(Stored items)
---
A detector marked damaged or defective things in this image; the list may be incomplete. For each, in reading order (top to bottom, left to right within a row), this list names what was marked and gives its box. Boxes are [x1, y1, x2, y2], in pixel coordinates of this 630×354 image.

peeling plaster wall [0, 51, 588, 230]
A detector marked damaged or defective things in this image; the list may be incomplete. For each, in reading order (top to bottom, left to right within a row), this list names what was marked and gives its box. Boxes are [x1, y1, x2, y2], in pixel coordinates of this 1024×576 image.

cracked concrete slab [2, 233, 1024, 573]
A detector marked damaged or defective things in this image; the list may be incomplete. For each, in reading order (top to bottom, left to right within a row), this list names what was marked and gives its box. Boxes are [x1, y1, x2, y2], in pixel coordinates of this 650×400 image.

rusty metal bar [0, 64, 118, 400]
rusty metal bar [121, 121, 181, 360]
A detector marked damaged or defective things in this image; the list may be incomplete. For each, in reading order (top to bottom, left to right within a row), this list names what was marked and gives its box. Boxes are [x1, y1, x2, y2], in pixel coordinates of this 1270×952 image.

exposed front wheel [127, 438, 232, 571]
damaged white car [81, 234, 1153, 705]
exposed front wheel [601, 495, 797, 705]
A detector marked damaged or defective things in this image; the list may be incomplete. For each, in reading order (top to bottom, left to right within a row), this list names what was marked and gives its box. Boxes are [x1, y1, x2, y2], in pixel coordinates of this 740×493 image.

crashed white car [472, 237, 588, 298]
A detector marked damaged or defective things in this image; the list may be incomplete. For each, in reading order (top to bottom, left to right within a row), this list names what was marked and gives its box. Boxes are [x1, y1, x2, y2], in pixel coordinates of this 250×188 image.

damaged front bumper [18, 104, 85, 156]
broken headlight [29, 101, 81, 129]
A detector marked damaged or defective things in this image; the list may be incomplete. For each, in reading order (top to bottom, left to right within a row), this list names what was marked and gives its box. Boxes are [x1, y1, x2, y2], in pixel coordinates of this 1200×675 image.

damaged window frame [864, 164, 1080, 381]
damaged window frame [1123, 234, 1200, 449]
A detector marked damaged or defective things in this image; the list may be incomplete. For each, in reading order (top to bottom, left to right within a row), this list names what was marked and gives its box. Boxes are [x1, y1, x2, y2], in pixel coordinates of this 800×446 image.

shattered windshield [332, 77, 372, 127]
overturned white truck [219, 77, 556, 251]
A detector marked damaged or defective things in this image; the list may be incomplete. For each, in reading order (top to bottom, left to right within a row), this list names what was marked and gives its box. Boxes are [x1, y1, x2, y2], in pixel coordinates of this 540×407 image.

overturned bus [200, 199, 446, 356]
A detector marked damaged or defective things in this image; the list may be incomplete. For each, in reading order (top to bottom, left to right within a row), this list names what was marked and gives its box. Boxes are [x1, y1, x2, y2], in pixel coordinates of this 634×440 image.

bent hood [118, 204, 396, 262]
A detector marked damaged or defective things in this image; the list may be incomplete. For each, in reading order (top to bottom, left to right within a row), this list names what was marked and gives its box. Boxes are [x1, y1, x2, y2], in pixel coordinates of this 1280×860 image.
---
**PROBLEM**
Please reproduce all of the records exactly as they stand.

**SOLUTION FOR THIS TASK**
A detector marked damaged or defective things in this image; the list may be incomplete. For each, in reading order (top to bottom, left to right within a row), this list names what was marked and gives its box. Boxes are [x1, y1, x2, y2], in pixel coordinates of this 630×354 image.

peeling plaster wall [0, 51, 588, 230]
A detector marked damaged or defective things in this image; the list may be incomplete. For each, in reading order (top to bottom, left to right within a row), this list names what was marked and gives its box. Boxes are [x1, y1, x2, y2], in pixel coordinates of this 1024×576 image.

cracked concrete slab [2, 233, 1024, 573]
A detector marked damaged or defective things in this image; the list may be incomplete. For each, in reading order (top to bottom, left to right within a row), this list names what was marked and gives its box. Boxes are [x1, y1, x2, y2], in pixel coordinates of this 650×400 image.

rusty metal bar [0, 64, 118, 400]
rusty metal bar [121, 121, 181, 360]
A detector marked damaged or defective things in this image; the list may be incomplete. For each, in reading order (top to bottom, left to right within a row), this list names what was marked and gives its box. Boxes are [x1, y1, x2, y2], in pixel coordinates of this 1270×952 image.

exposed front wheel [127, 438, 232, 571]
damaged white car [81, 234, 1153, 705]
exposed front wheel [601, 495, 797, 705]
A detector marked damaged or defective things in this image; the list may be incomplete. For each, in reading order (top to bottom, left to right within a row), this list names what was marked and gives its box. Boxes are [x1, y1, x2, y2], in pixel coordinates of this 740×493 image.

crashed white car [472, 237, 588, 298]
A detector marked damaged or defective things in this image; the list may be incomplete. For each, in reading order (top to bottom, left to right within a row), this list names what was marked and gives its box. Boxes are [x1, y1, x2, y2], in pixel coordinates of this 250×188 image.

damaged front bumper [18, 104, 85, 156]
broken headlight [29, 101, 81, 129]
A detector marked damaged or defective things in this image; the list may be incomplete. For each, in reading order (top to bottom, left to right within a row), this list names what was marked and gives its box. Boxes are [x1, y1, x2, y2], in pixel coordinates of this 1200×675 image.

damaged window frame [864, 164, 1080, 381]
damaged window frame [1123, 234, 1200, 449]
A detector marked damaged or defective things in this image; the list may be incomplete. For each, in reading order (top to bottom, left to right within a row), this list names what was marked and gives its box. Boxes are [x1, y1, x2, y2], in pixel coordinates of this 800×446 image.

shattered windshield [332, 77, 372, 127]
overturned white truck [219, 77, 556, 251]
A detector marked damaged or defective things in this image; the list may be incomplete. For each, in reading order (top to bottom, left to right within a row), this list names what was marked and gives its box. Boxes are [x1, y1, x2, y2], in pixel coordinates of this 540×407 image.

overturned bus [200, 199, 446, 356]
A detector marked damaged or defective things in this image; the list may be incomplete. For each, in reading order (top to bottom, left to right within a row), this list names what was marked and gives its box. Boxes are [x1, y1, x2, y2], in pixel coordinates of this 634×440 image.

bent hood [118, 204, 396, 262]
A detector marked damaged or defective things in this image; the list may be incomplete. For each, in reading order (top to bottom, left to right within a row), this list names what was marked and gives its box. Boxes are [x1, y1, x2, y2], in pixel coordinates of this 1280×860 image.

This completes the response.